Available data:
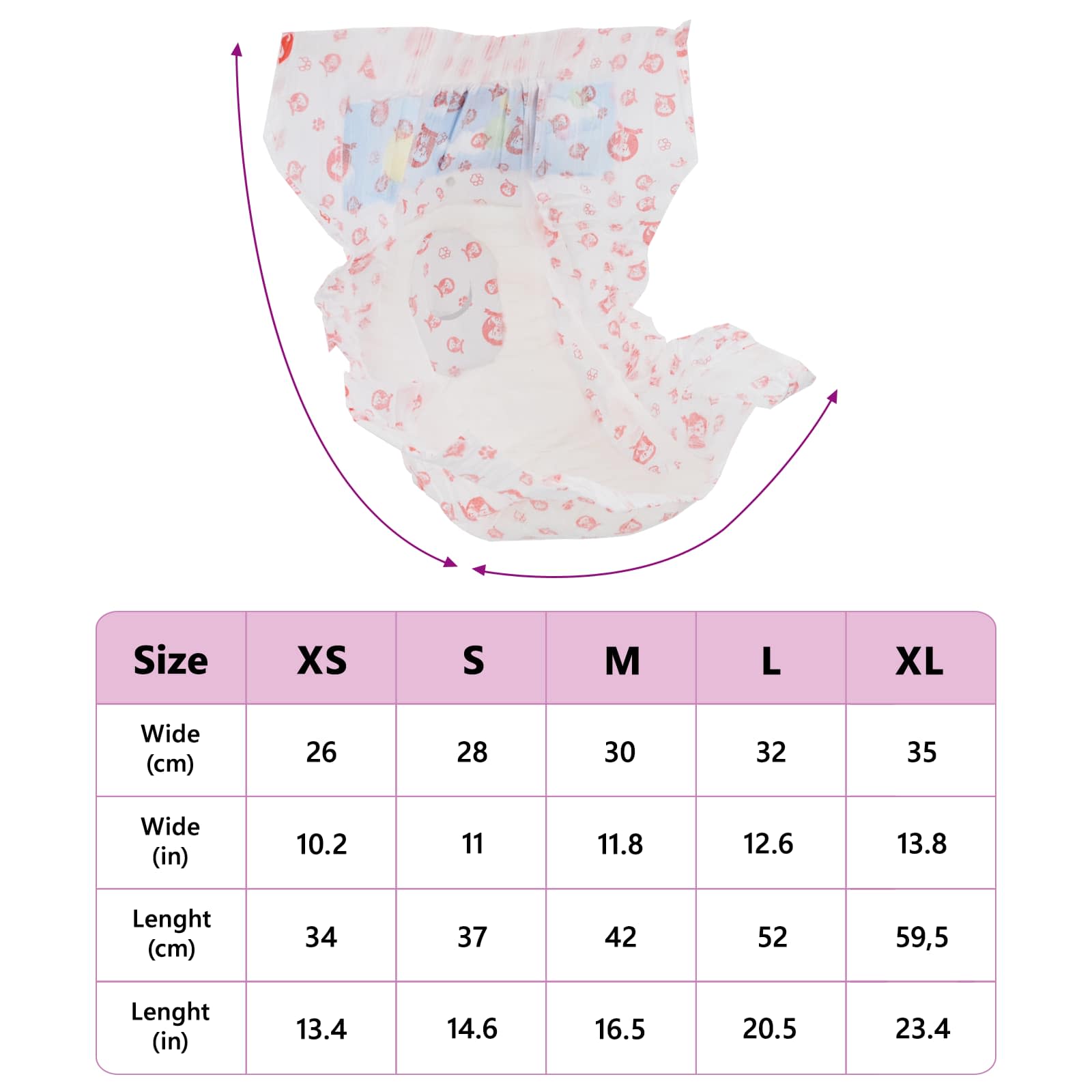 Μίας χρήσης πάνα σκύλου θηλυκή 50 pcs Λευκός S - Pakobazaar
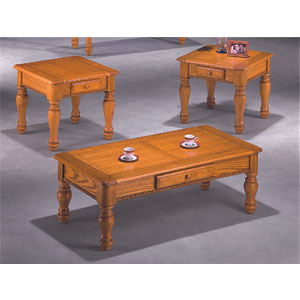 3-Pc Pack Oak Coffee/End Table Set 2904 (WD)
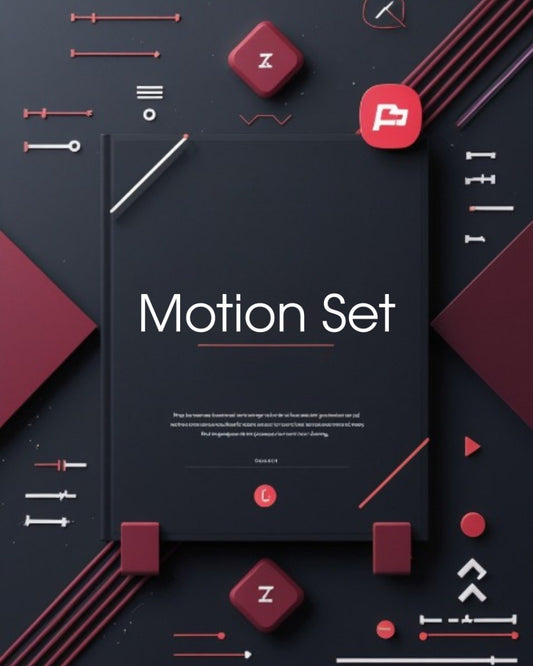 Motion design set with geometric shapes and text on a dark background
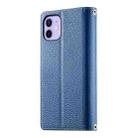For iPhone 12 / 12 Pro Stitching Multi-card Zipper Wallet Leather Phone Case with Short Strap(Dark Blue) - 3
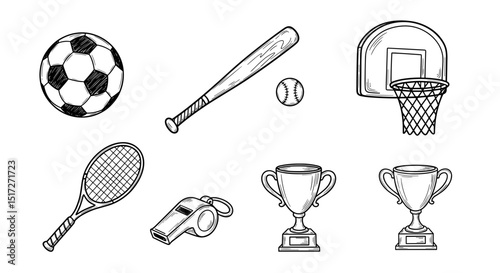 Illustration showing a soccer ball, baseball bat, basketball hoop, and various sports equipment items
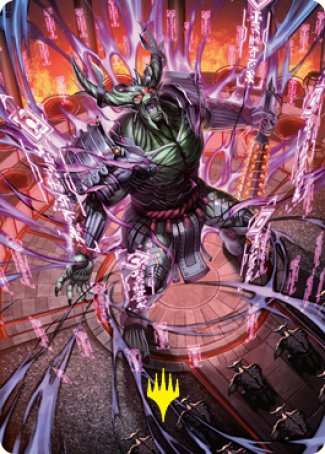 Hidetsugu, Devouring Chaos Art Card (Gold-Stamped Signature) [Kamigawa: Neon Dynasty Art Series] | Gamers Paradise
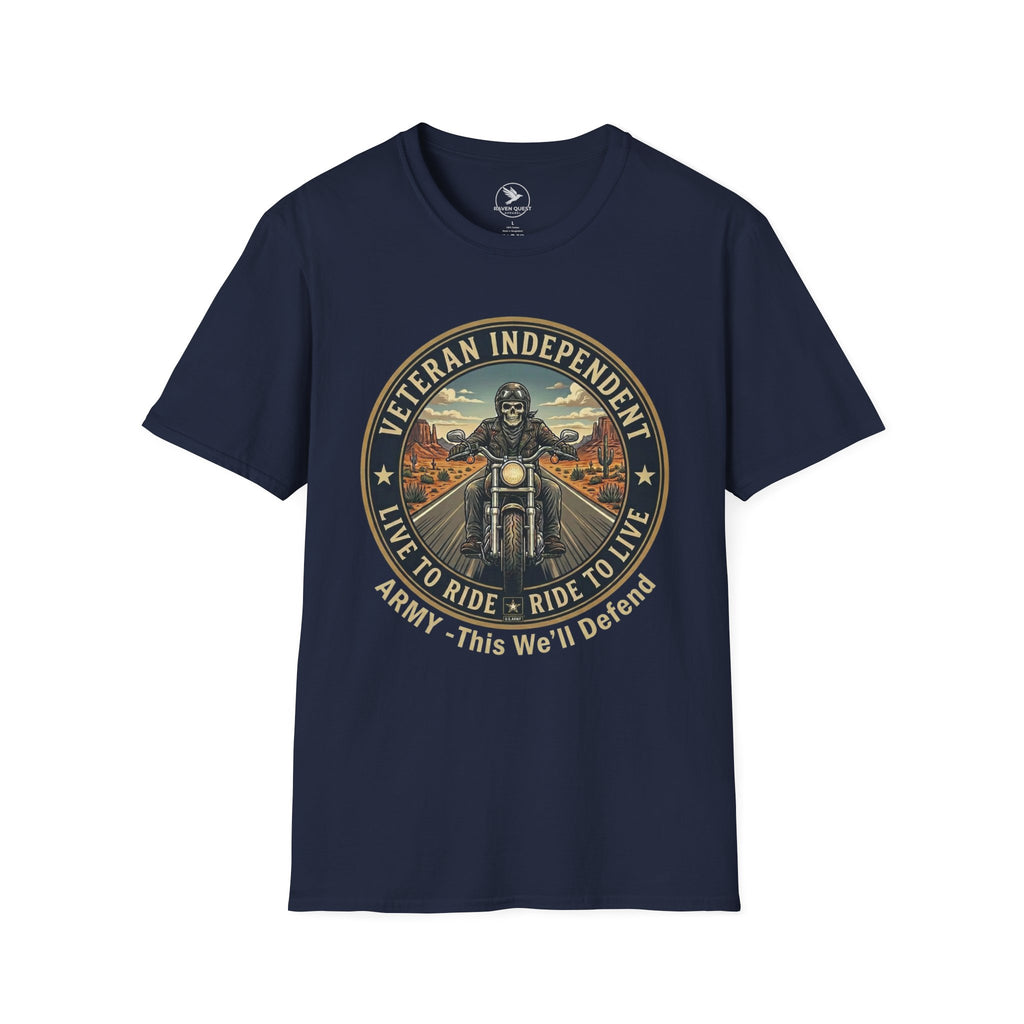 Veteran Independent Motorcycle T-Shirt – "Live to Ride, Ride to Live" Army Tribute
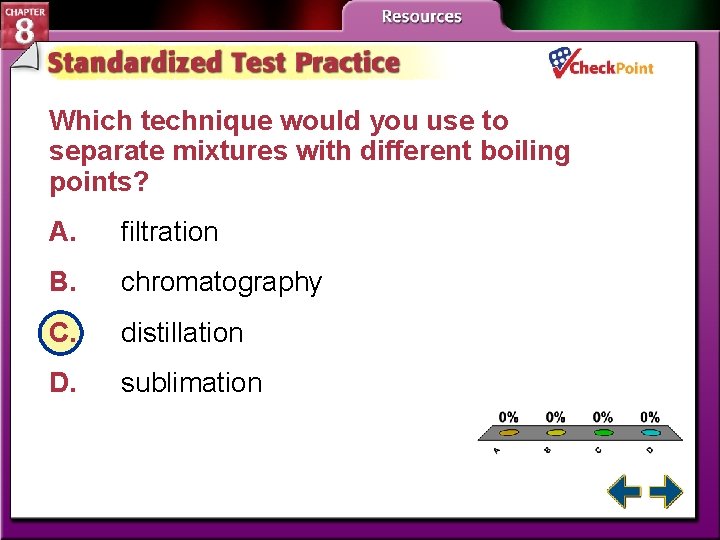 Which technique would you use to separate mixtures with different boiling points? A. filtration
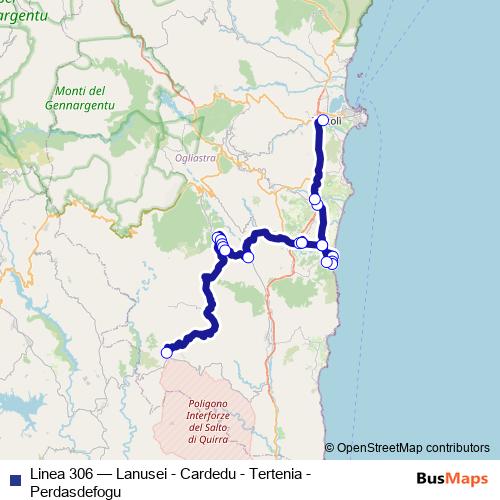 Linea 306 bus Line Map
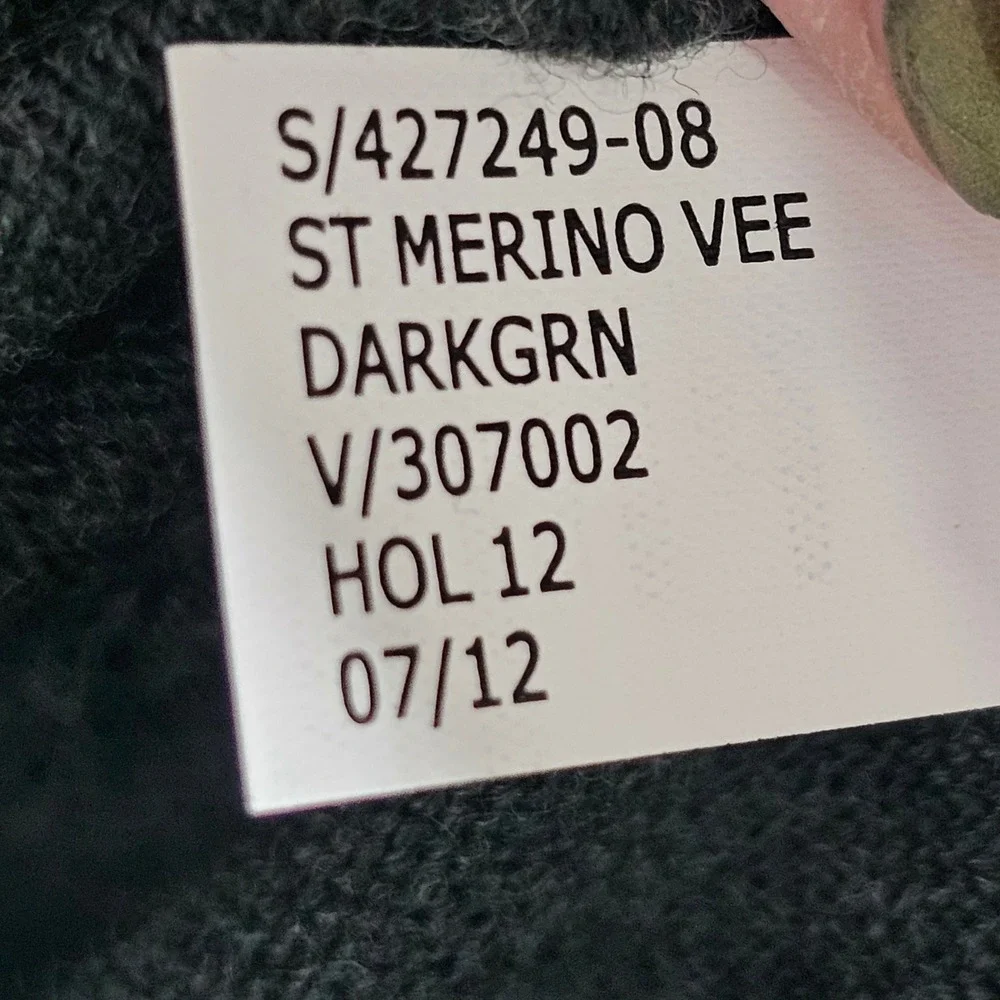 Banana Republic Extra Fine Merino Wool V-Neck Sweater Mens L Pullover Knit Green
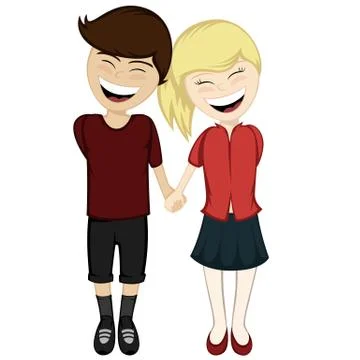 A happy couple smiling Stock Illustration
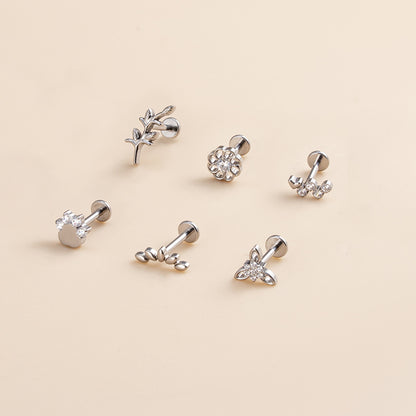 G23 Titanium Zircon Leaf & Flower Cartilage Piercing | Internally Threaded Lip & Ear Studs | Fashionable & Hypoallergenic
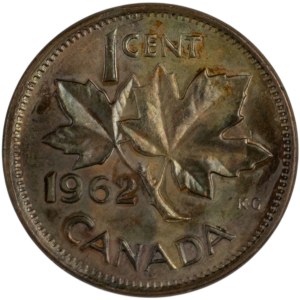 Canada 1962 Cent Struck Through Error
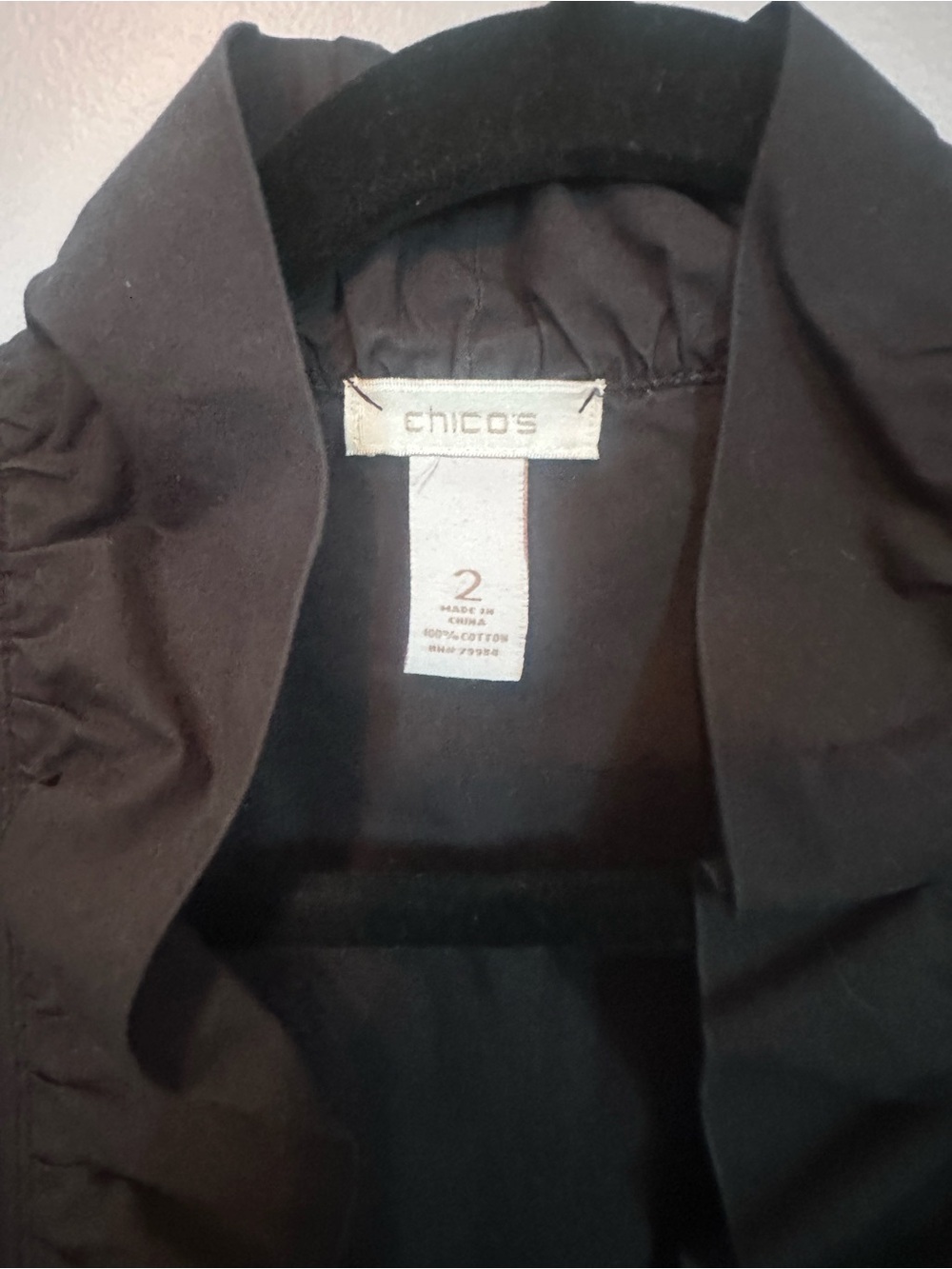 Chico's Black Ruffle-Trim Zip Jacket - Picture 2 of 4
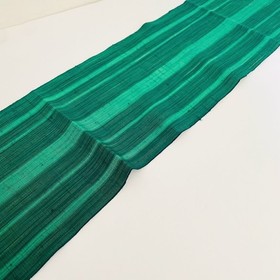 Emerald Path #C 7x52 Hand Woven Vintage Silk Tsumugi Kimono Fabric TJ96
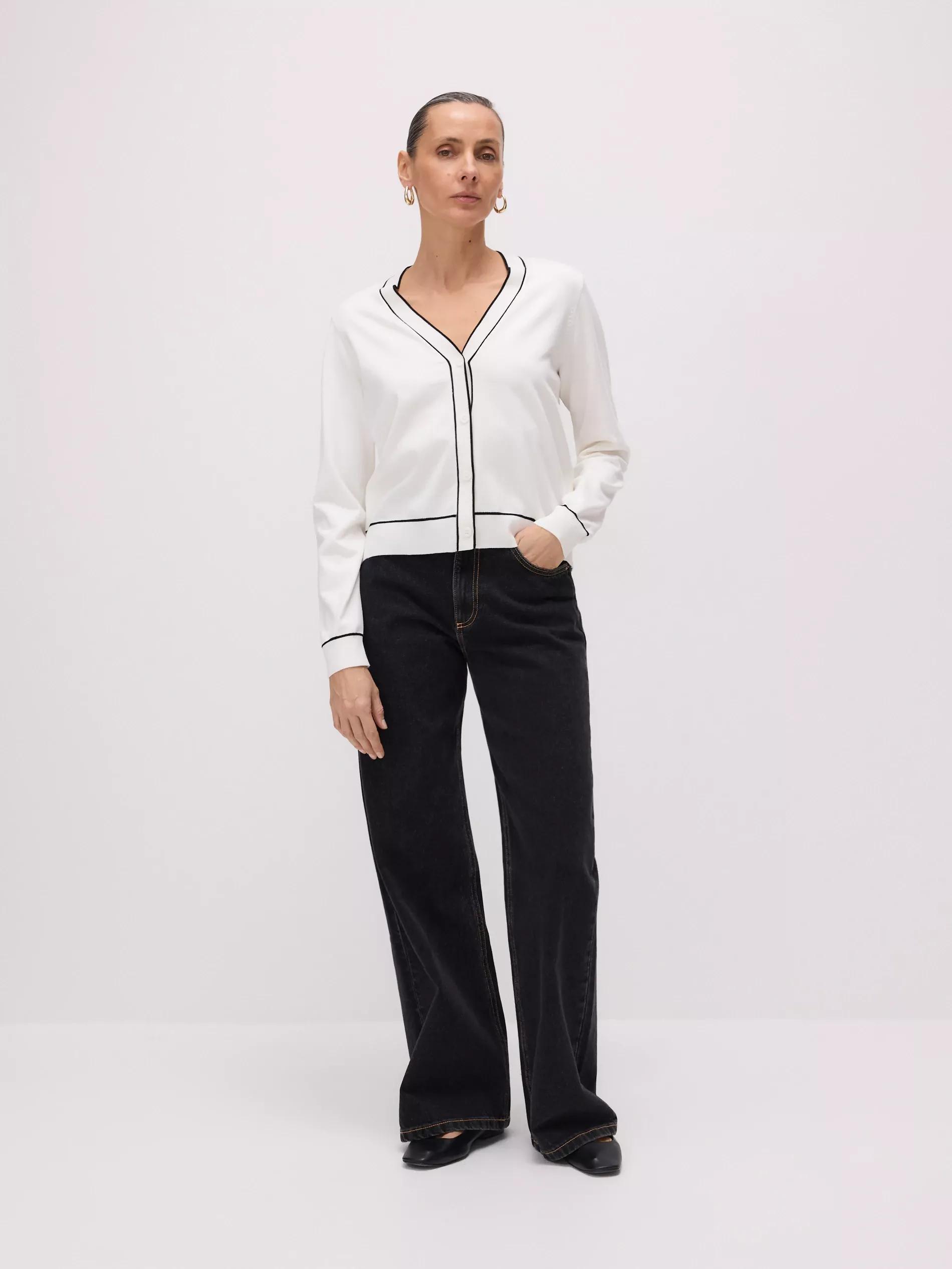Cream Cardigan With Contrast Trims, , large image number 4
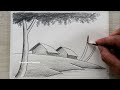 How to draw village landscape with pencil, Easy Pencil Drawing for Beginners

Activity: Reproduce, exactly and only, the lines of the records above starting at the line with "Illustration showing a" and ending at the line with "A happy couple smiling Stock Illustration", both included. Leave every picture out.

Written response:
 Illustration showing a soccer ball, baseball bat, basketball hoop, and various sports equipment items
 Hidetsugu, Devouring Chaos Art Card (Gold-Stamped Signature) [Kamigawa: Neon Dynasty Art Series] | Gamers Paradise
 Veteran Independent Motorcycle T-Shirt – "Live to Ride, Ride to Live" Army Tribute
 Which technique would you use to separate mixtures with different boiling points? A. filtration
 Linea 306 bus Line Map
 Banana Republic Extra Fine Merino Wool V-Neck Sweater Mens L Pullover Knit Green
 A happy couple smiling Stock Illustration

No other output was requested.